You know, Dana and Gloria are still with me.
You know, between the kids and Tony Bennett and Congress singing --
DANA BASH, CNN CHIEF POLITICAL CORRESPONDENT: A lot going on.
BALDWIN: -- and Nancy Pelosi quoting Ronald Reagan -- Gloria, I'm going to start with you this time -- what did you make of all of that?
GLORIA BORGER, CNN CHIEF POLITICAL ANALYST: Well, I think Nancy Pelosi was gracious and went out of her way to commend her Republican colleagues, to talk about bipartisan legislation that they could enact across the aisle, to quote Ronald Reagan in the House of Representatives to Republicans and to Democrats. And I think she started this off with the right tone. I mean, we can't forget we're in the middle of a government shutdown where Republicans and Democrats can't agree on anything about how to reopen the government, but Nancy Pelosi decided to start this out with a graceful note before it all dissolves. But I think that was important for her to do.
And don't forget, most of these Republicans ran against her, used her in their campaign ads, made her public-enemy-number-one. And at this point though, now, she is their speaker. She is the speaker of the House and she decided to be gracious about it, which I think was completely appropriate.
BALDWIN: Dana, what did you think quickly?
BASH: I agree. And Kevin McCarthy, the new Republican leader, was also gracious.
BASH: By the same token, he led campaign after campaign after campaign, many which lost, some of them were successful, again, using Nancy Pelosi as the boogie man. Today, that was nonexistent. He focused on the historical nature of her win again, of her being the speaker again, and also reached out across the aisle.

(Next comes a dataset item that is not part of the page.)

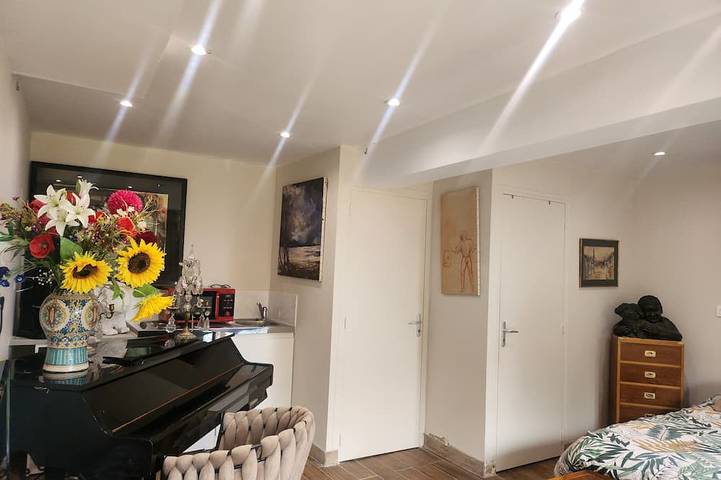 Location de vacances pour 10 personnes, avec terrasse ainsi que jardin et jacuzzi, animaux acceptés à Pennedepie - 2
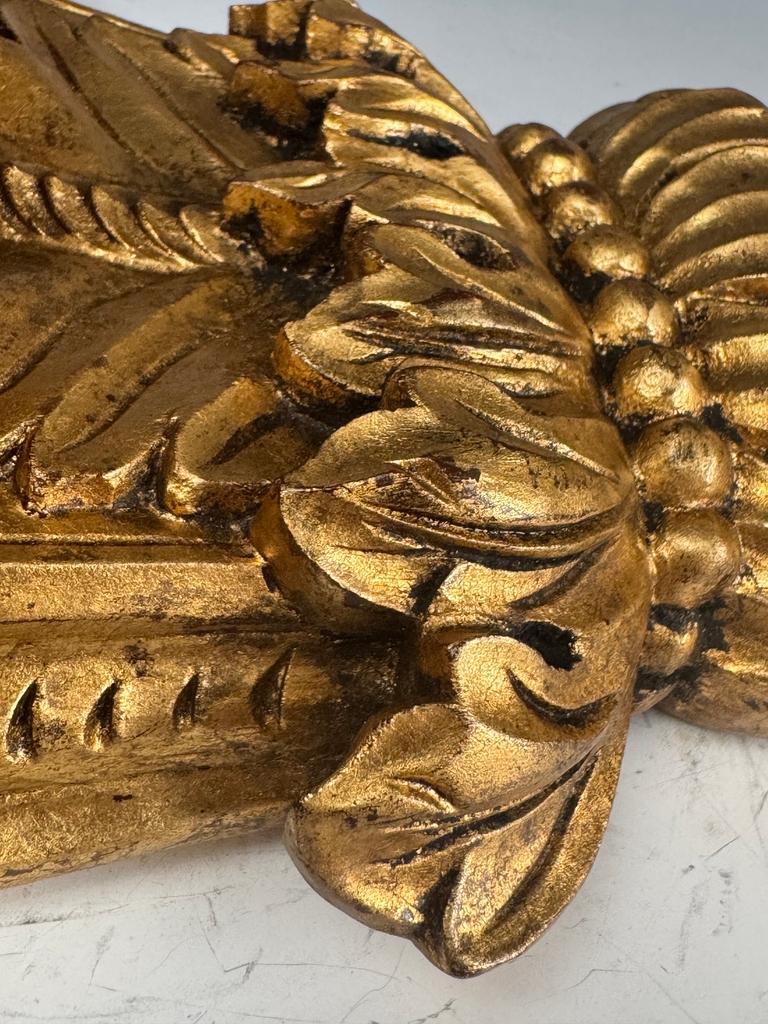 Coppia di mensole da parete in legno dorato in stile French Rococo in vendita 2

[14:55:11] Now, you know, I know the cynics out there are rolling their eyes and shrugging their shoulders, but it's important that we have this moment because this is what it's all about. We don't have tanks in street when there are elections. We have moments like this. And we should -- I think it's a nonpartisan thing to say -- I know it's a nonpartisan thing to say that we should all commend it and take it all in like we just did.
Dana and Gloria, thank you, thank you, thank you.

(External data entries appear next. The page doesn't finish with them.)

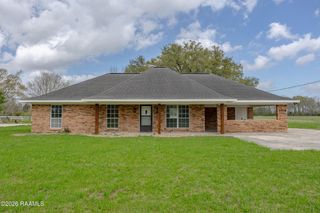 3116 Grand Point Highway, Breaux Bridge, LA 70517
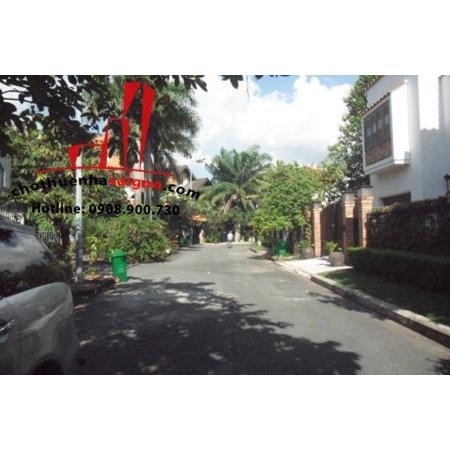 cho thuê biệt thự đường nguyễn văn hưởng, khu thảo điền 1, quận 2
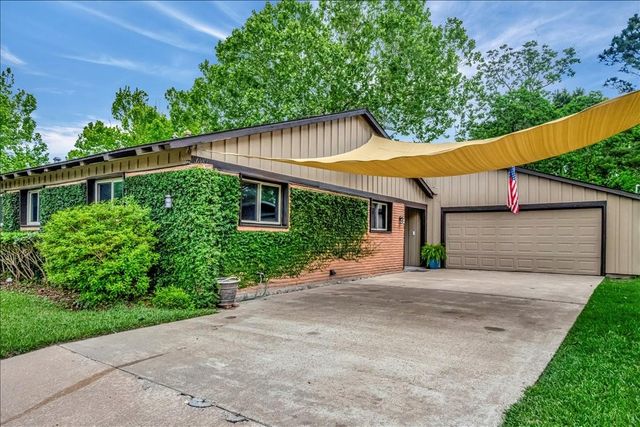 2631 Baycrest Drive, Houston, TX 77058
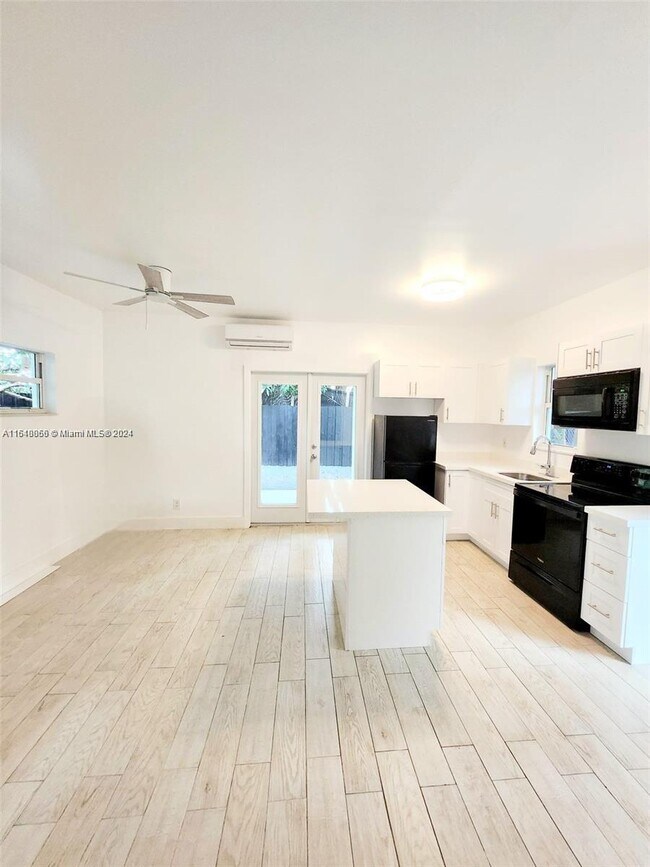 Foto del edificio - 261 NW 50th St
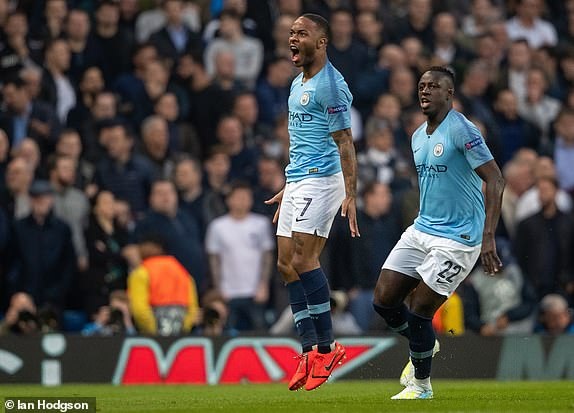 Man City 4-3 Tottenham (hiệp 2): Llorente ghi bàn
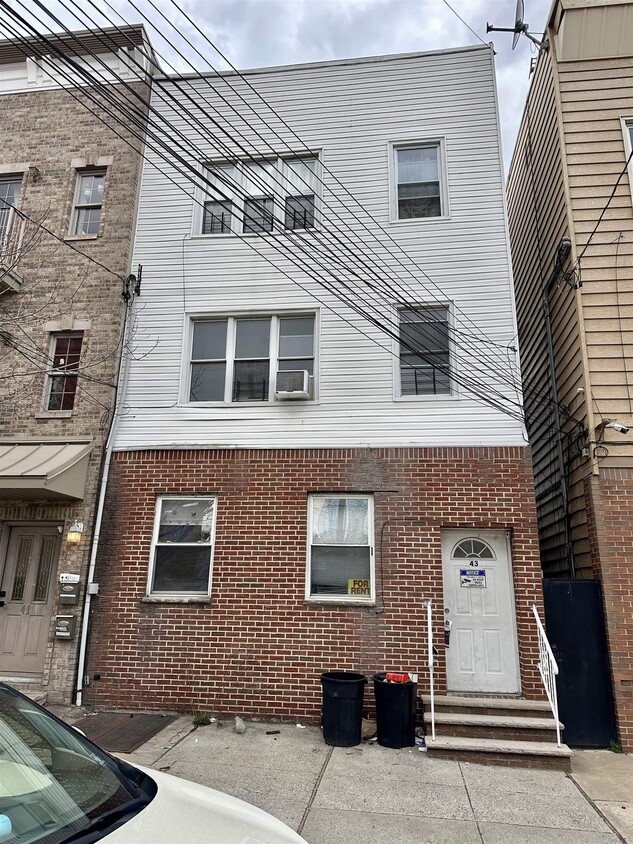 Foto principal - 43 Wright Ave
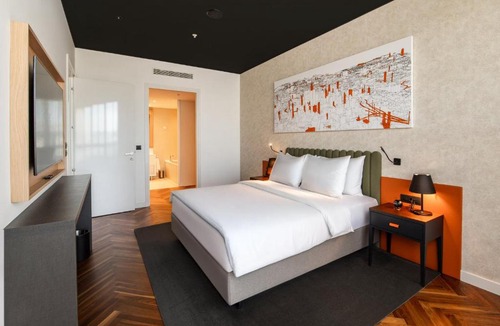 Podgorica Hotel | Crowne Plaza Podgorica by IHG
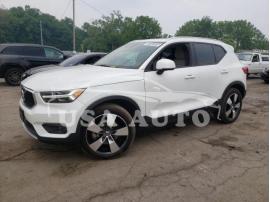 VOLVO XC40 T5 MO 2021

BALDWIN: We are just getting word the White House has officially invited lawmakers back to continue negotiations over a shutdown, but neither side is budging on that. So sorry, a buzz-kill for all the celebration, but government shutdown.
Also the Dow once again falling. This after Apple's bombshell warning about the trade war impact.
I'm Brooke Baldwin. You're watching CNN special live coverage.